What do you mean by "pages [from] when I started the page tracking to checkpoint LSN I have provided"?

Can you please define this concept in coherent way?

Sorry, I am able to explain the problem.

But is what backup/clone expects from page tracking.

1) Ask the server to start page-tracking. In our example, the server returns 100 as page-tracking LSN. so we call it page-tracking start LSN. At that moment checkpoint LSN was 80. But that is not our interest.  we would use this page-tracking start LSN to get the list of the modified page later. 

 server now guarantees that  any page flushed after will be tracked( 100 is the maximum LSN at that moment, any page will have LSN < 100, so all the pages flushed followed now will be tracked)

Backup/clone copies ibd without copying the redo logs. 
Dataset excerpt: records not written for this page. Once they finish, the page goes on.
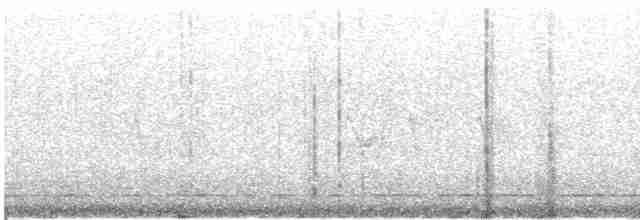 Сичик-горобець гірський (підвид gnoma) - ML434376871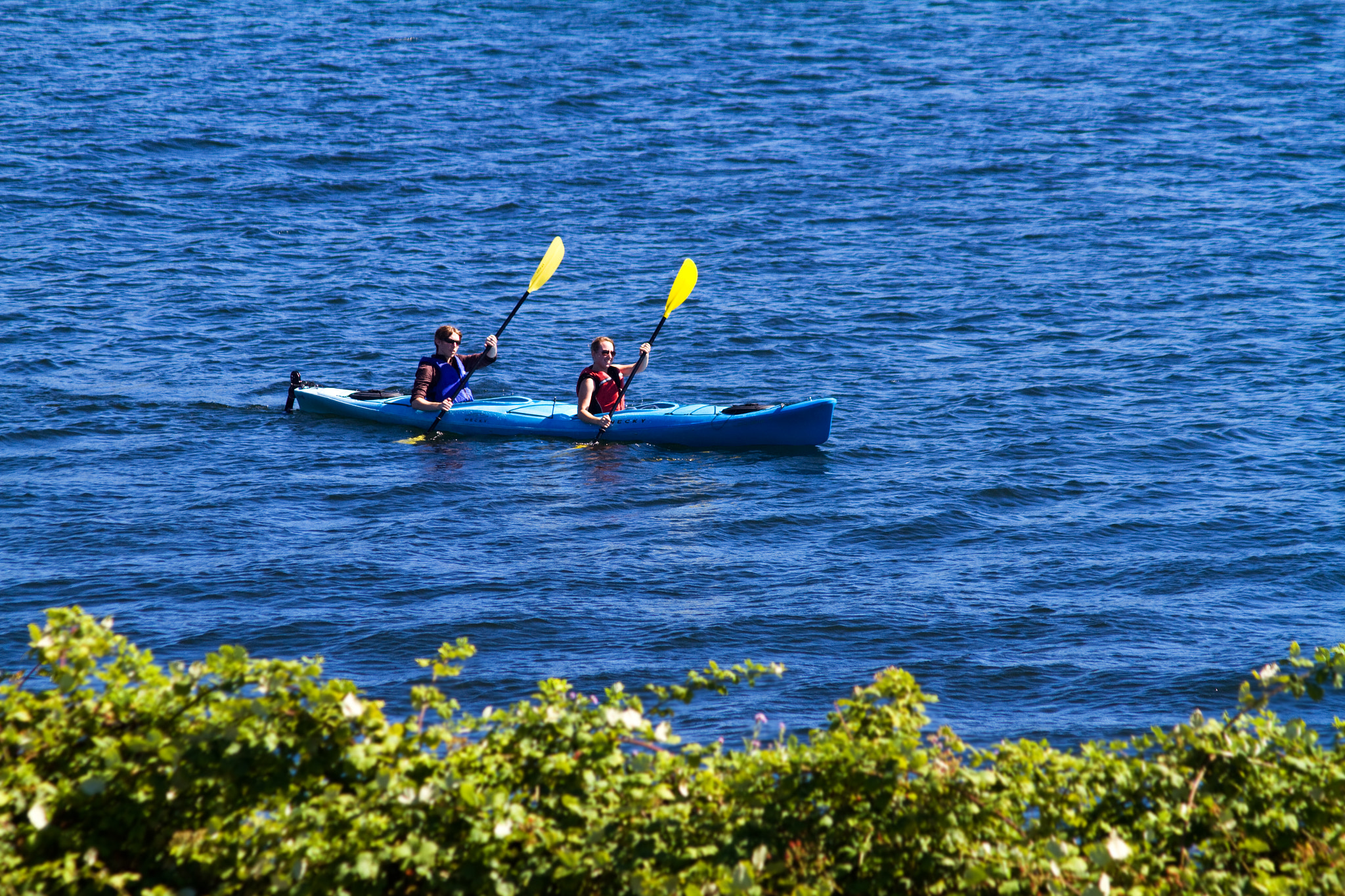 Canon EF 75-300mm F4.0-5.6 IS USM sample photo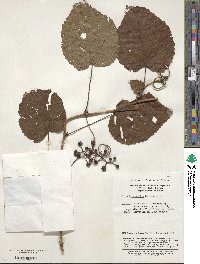 Vitis betulifolia image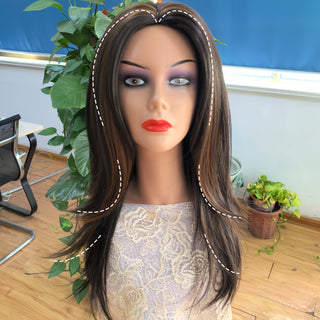  Chic Brown Highlight Layered Wig cashymart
After copying data files. Backup/clone asks the server to provide the list of modified pages from the moment page tracking was started to the current checkpoint LSN. As they would copy the redo logs after the checkpoint LSN and can rely on them for modified pages.
 
The input to get_changes_pages would be page-tracking start LSN and an LSN less than the current checkpoint. 
get_pages(100,90) Should work. I do not understand why the second argument should be more than first. one is system LSN and the other checkpoint LSN. and comparison of them doesn't make any sense. 

All we need to ensure is the second argument should not be more than the checkpoint LSN of the system. 

Now clone doesn't need to wait for checkpoint LSN to be more than page tracking LSN. But the server has put this restriction on mysqlbackup component.